Mixed-conducting ceramic-carbonate dual-phase membranes: Gas permeation and counter-permeation

CO₂ and O₂ permeable ceramic-carbonate dual-phase membranes can be used in membrane reactors for applications such as selective oxidation of hydrocarbons. Two ceramic-carbonate dual-phase membranes consisting of mixed electronic-ionic conducting perovskite-type ceramics of Pr_0.6Sr_0.4Co_0.2Fe_0.8 and SrFe_0.9Ta_0.1O_3-δ are studied for CO₂ and O₂ permeation and counter-permeation. The geometric factors for the carbonate phase and ceramic phase, obtained from the data of helium permeation and electrical conductivity, are used to calculate the effective carbonate and oxygen ionic conductivity in the carbonate and ceramic phase. Without counter-permeation, O₂ permeation through the dual-phase membrane is controlled by oxygen ionic conduction in the ceramic phase and CO₂ permeation is determined by the total conductance including effective carbonate and oxygen ionic conductivities in both phases.

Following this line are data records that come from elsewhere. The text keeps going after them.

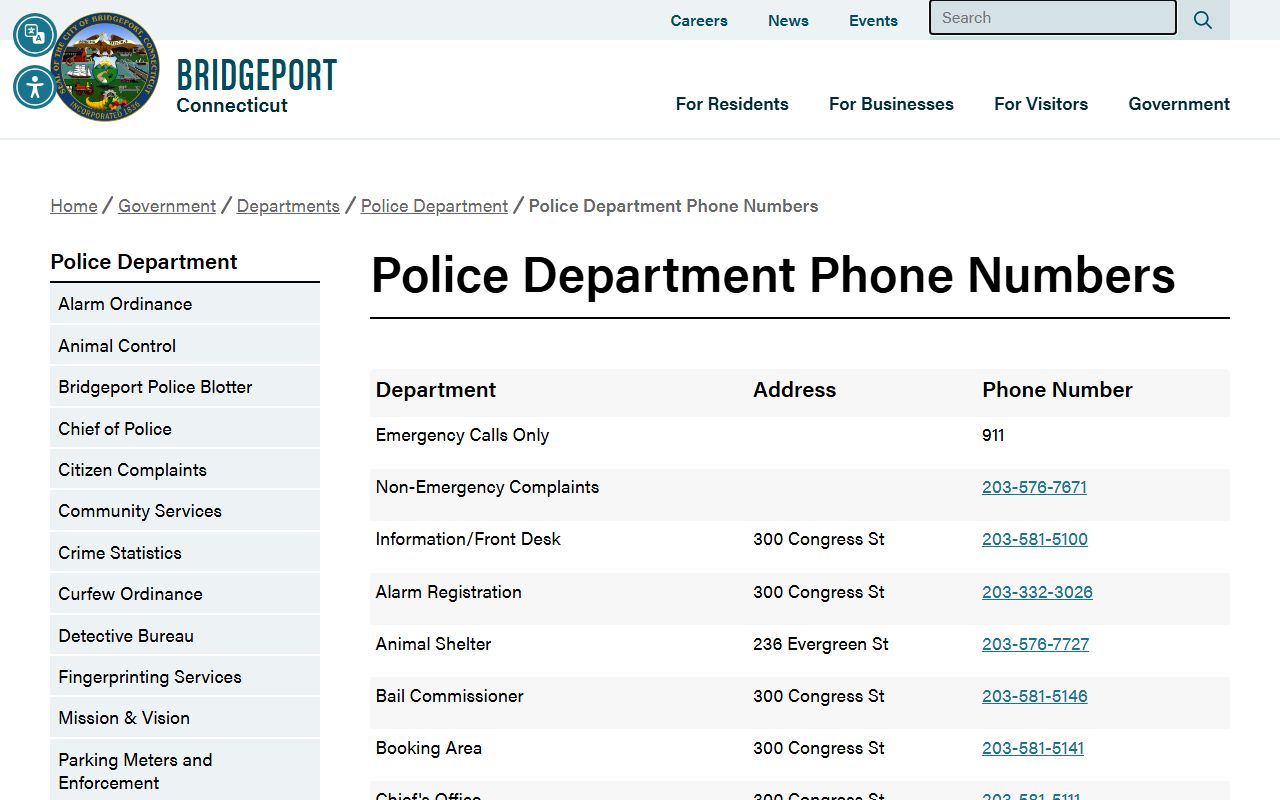 Bridgeport Police Department phone directory and contact information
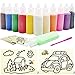 Zddaoole 32 PCS Art Sand Kit  12 Color Scenic Sand With 20 Sheets Sand Art Painting Cards Set DIY Arts and Crafts 125oz Bottles - Image 2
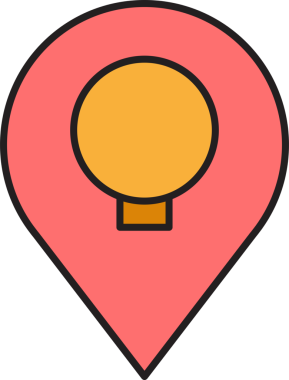 Harita İğnesi ve Ampul Simgesi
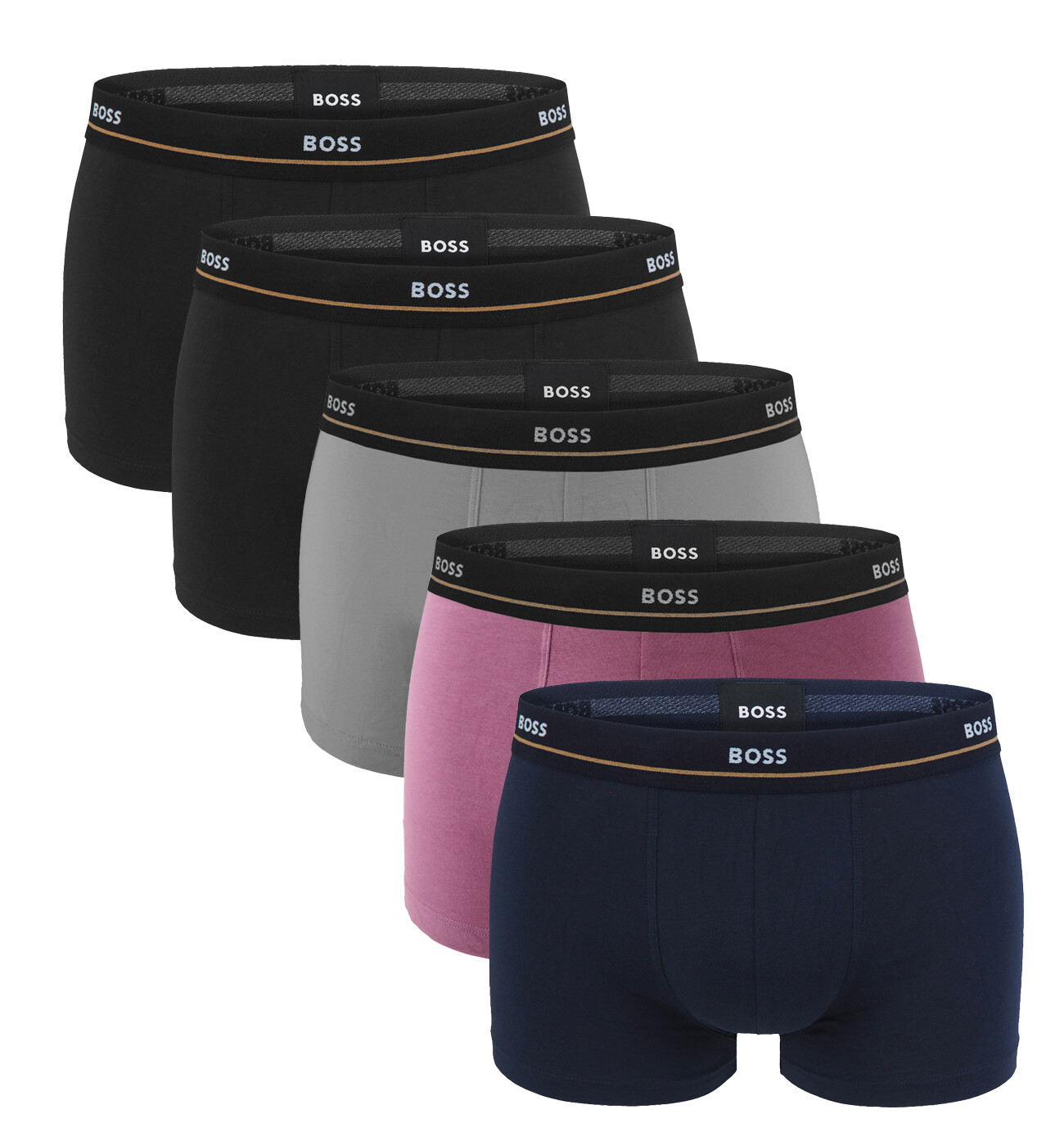 BOSS - boxerky 5PACK essential cotton stretch black & dark tones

When the dual-phase membrane is exposed to CO₂ on one side and O₂ on the other side, counter-permeation of CO₂ and O₂ occurs in the opposite directions across the membrane. With CO₂ counter-permeation, the oxygen ionic flux is higher than that without counter-permeation due to an increase in the driving force for oxygen transport. CO₂ permeation consumes oxygen ions transporting through the membrane, resulting in a lower O₂ permeation flux compared with the O₂-only permeation case. However, O₂ counter-permeation has negligible effect on CO₂ permeation flux for the dual-phase membranes.